▸ What is being asked: Show each line of the records in which the word "Monitor" occurs.
Raw data START
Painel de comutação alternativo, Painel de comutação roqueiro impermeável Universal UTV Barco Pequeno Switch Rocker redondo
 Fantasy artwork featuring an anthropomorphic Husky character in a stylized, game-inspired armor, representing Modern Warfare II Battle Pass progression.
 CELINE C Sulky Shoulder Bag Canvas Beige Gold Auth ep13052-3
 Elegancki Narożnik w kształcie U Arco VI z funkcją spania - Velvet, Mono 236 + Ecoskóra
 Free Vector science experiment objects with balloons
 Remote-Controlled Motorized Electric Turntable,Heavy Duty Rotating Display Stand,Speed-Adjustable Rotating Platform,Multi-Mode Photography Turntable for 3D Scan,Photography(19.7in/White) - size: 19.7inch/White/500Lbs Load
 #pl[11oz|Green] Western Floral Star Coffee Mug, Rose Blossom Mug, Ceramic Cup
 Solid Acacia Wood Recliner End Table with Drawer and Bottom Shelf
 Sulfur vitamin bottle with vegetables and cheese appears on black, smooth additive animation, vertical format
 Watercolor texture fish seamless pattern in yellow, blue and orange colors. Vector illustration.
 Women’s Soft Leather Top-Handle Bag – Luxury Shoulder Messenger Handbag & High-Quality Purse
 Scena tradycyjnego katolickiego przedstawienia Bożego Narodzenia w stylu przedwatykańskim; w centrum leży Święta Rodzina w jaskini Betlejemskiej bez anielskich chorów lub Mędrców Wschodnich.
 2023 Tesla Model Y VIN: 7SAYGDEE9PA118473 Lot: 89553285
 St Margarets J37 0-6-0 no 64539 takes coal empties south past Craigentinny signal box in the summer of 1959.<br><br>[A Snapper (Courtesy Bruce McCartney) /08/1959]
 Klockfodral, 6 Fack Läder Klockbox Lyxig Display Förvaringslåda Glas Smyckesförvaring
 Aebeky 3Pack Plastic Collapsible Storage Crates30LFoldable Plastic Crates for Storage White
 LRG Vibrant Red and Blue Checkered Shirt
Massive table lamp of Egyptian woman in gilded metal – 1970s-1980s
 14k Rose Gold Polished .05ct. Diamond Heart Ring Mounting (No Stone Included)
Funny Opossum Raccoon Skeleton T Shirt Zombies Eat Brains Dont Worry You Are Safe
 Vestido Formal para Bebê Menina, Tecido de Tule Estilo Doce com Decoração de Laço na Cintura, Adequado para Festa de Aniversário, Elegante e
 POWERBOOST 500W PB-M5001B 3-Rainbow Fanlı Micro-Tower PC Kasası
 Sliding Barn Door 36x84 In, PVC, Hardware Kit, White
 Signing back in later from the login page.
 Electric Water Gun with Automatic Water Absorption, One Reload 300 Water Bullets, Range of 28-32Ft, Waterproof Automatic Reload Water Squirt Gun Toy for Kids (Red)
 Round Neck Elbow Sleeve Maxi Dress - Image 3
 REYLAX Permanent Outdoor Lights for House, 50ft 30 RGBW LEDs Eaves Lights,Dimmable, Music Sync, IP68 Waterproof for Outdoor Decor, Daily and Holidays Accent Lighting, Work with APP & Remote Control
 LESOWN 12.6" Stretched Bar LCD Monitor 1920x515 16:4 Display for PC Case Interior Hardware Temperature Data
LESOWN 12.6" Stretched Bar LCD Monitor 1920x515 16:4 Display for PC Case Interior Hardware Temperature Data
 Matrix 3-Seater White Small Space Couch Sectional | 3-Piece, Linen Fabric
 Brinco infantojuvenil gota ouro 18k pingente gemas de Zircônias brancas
Raw data END
▸ Response to this task:
 LESOWN 12.6" Stretched Bar LCD Monitor 1920x515 16:4 Display for PC Case Interior Hardware Temperature Data
LESOWN 12.6" Stretched Bar LCD Monitor 1920x515 16:4 Display for PC Case Interior Hardware Temperature Data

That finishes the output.